* **Records to use**:
# # #

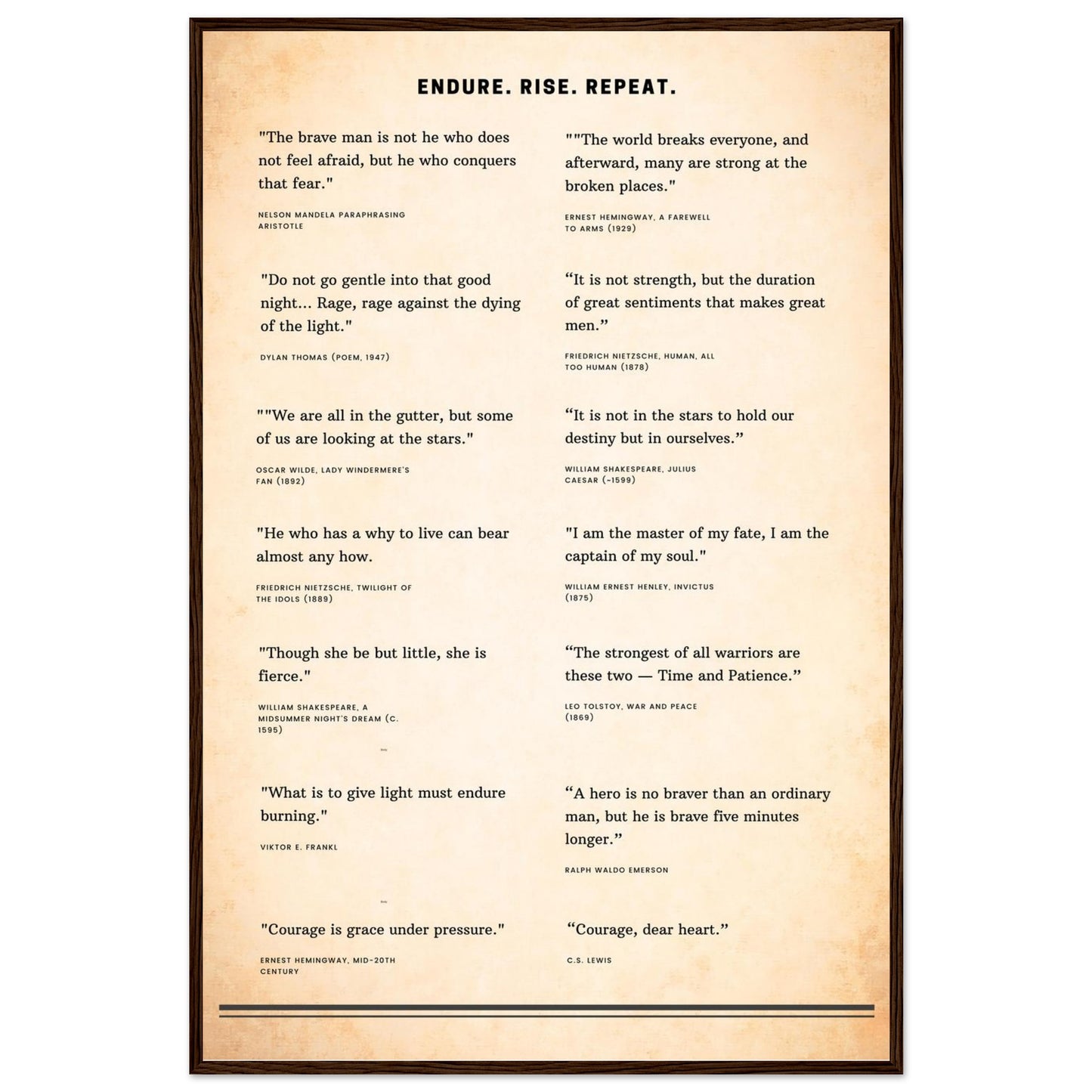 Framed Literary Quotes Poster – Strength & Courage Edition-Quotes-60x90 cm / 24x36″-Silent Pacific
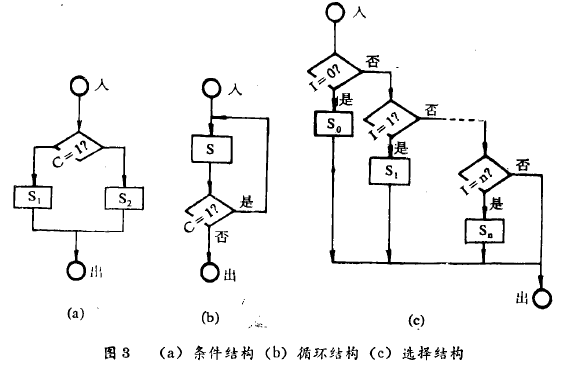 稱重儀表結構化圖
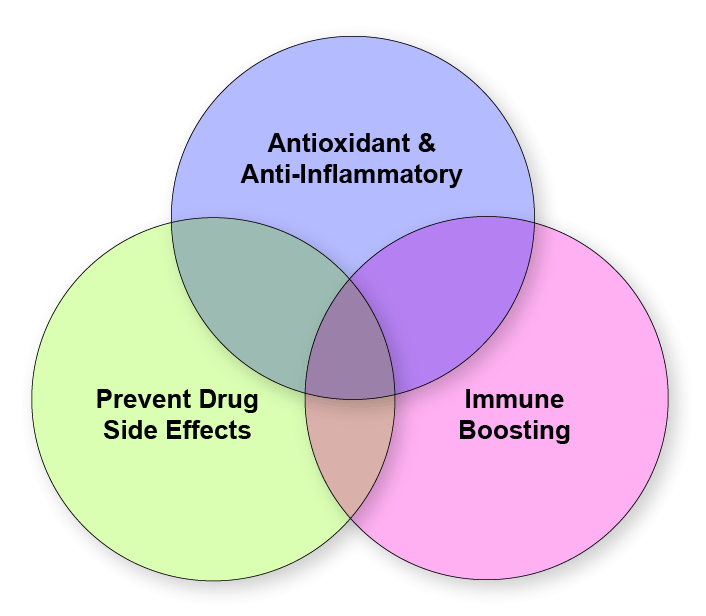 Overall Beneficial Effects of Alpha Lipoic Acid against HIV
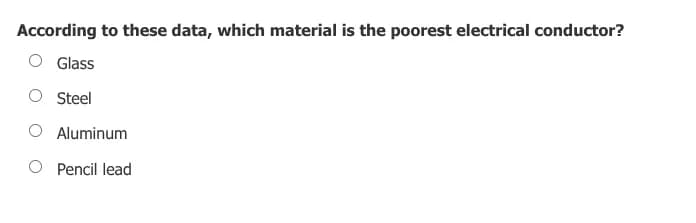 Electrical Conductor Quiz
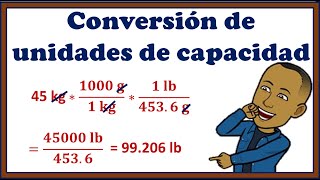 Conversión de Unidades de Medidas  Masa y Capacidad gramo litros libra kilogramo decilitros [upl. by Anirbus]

# # #

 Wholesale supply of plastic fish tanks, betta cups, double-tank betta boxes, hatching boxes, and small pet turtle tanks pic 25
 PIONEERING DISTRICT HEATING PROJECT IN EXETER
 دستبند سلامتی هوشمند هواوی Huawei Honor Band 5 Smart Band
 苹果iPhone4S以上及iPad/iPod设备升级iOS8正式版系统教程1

# # #

* **Exercise aim**: Every line above between the one containing "Framed Literary Quotes" and the one containing "Conversión de Unidades", those two included, is to be printed exactly. No pictures go into the copy.

* **Exercise response**:
 Framed Literary Quotes Poster – Strength & Courage Edition-Quotes-60x90 cm / 24x36″-Silent Pacific
 稱重儀表結構化圖
 Overall Beneficial Effects of Alpha Lipoic Acid against HIV
 Electrical Conductor Quiz
 Conversión de Unidades de Medidas  Masa y Capacidad gramo litros libra kilogramo decilitros [upl. by Anirbus]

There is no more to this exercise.